The Corporation does hereby hire, engage and employ the Executive on an at-will basis, subject to the terms and conditions expressly set
forth in this Agreement, including, but not limited to, Sections 5 and 6 of this Agreement. The Executive does hereby accept and agree
to such hiring, engagement and employment on the terms and conditions expressly set forth in this Agreement.

 

1.2 Duties;
Appointment to Board of Directors. The Executive shall serve the Corporation as its Chief Executive Officer and President and
shall perform and have the responsibilities, duties, status and authority customary for such positions in an organization of the size
and nature of the Corporation, subject to the corporate policies of the Corporation as in effect from time to time (including, without
limitation, the Corporation’s business conduct and ethics policies, as they may be amended from time to time). In this position,
the Executive shall report to the Corporation’s Board of Directors (the “Board”) and shall render such administrative,
financial and other executive and managerial services to the Corporation and its affiliates as the Board may from time to time direct.
In addition, upon the commencement of the Executive’s employment with the Corporation, the Executive will be appointed to the Board,
and, so long as the Executive is the Chief Executive Officer of the Corporation, the Corporation shall recommend that its stockholders
vote to maintain the Executive’s position as a member of the Board at each applicable meeting of its stockholders.

 

     

     

    

 

1.3 No
Other Employment; Time Commitment.

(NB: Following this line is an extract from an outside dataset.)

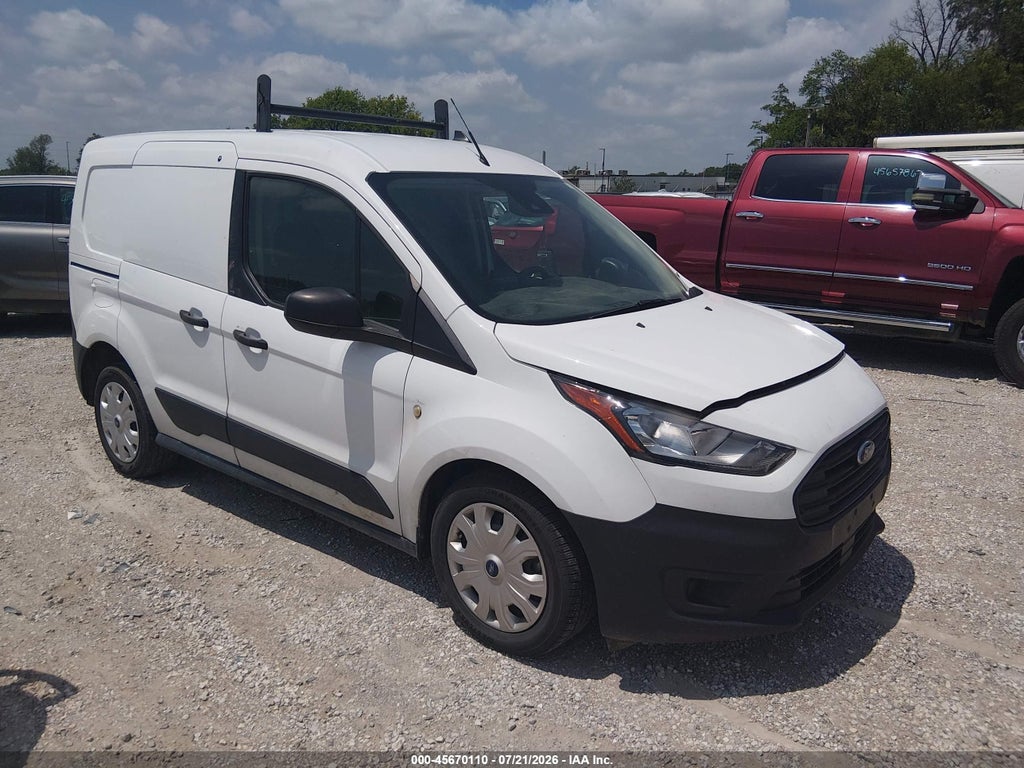 2020 Ford Transit Connect XL photo 1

For so long as the Executive is employed with the Corporation, the Executive shall both (i)
devote the Executive’s full business time, energy and skill to the performance of the Executive’s duties for the Corporation
and (ii) hold no other employment or consulting positions. Notwithstanding the foregoing, the Executive may serve on managing or advisory
boards of non-profit entities and up to three (3) managing or advisory boards of for-profit companies (which number shall be reduced to
two (2) managing or advisory boards of for-profit companies as of the date six (6) months following the Effective Date (as defined below)),
so long as such service does not interfere with the Executive’s duties to, or otherwise create a conflict of interest with respect
to, the Corporation. The Board shall have the right to require the Executive to resign from any board or similar body on which the Executive
may then serve if the Board determines that such activity interferes with the effective discharge of the Executive’s duties and
responsibilities to the Corporation or that any business related to such service is then in competition with any business of the Corporation
or any of its affiliates, successors or assigns.

 

1.4 No
Breach of Contract. The Executive hereby represents to the Corporation: (i) that the execution and delivery of this Agreement
by the Executive and the Corporation and the performance by the Executive of the Executive’s duties hereunder shall not constitute
a breach of, or otherwise contravene, the terms of any other agreement or policy to which the Executive is a party or otherwise bound;
(ii) that the Executive has no information (including, without limitation, confidential information and trade secrets) relating to
any other person or entity which would prevent, or be violated by, the Executive entering into this Agreement or carrying out the Executive’s
duties hereunder; and (iii) that the Executive is not bound by any confidentiality, trade secret or similar agreement with any other
person or entity which would prevent, or be violated by, the Executive (x) entering into this Agreement or (y) carrying out
the Executive’s duties hereunder.

 

1.5 Location.
The Executive’s principal place of employment initially shall be the offices of the Corporation’s headquarters, currently
located in Northern California. The Executive acknowledges that business travel may be required from time to time in the course of performing
the Executive’s duties for the Corporation.

 

2. Term.
The Executive’s employment under this Agreement shall commence as of such date as may be mutually agreed upon by the Executive and
the Corporation, which in no event shall be later than March 15, 2022 (the “Effective Date”). The period from the Effective
Date until the termination of the Executive’s employment under this Agreement is hereinafter referred to as “the term of this
Agreement” or “the term hereof.” Until the occurrence of the Effective Date, this Agreement shall be null and void and
without force or effect.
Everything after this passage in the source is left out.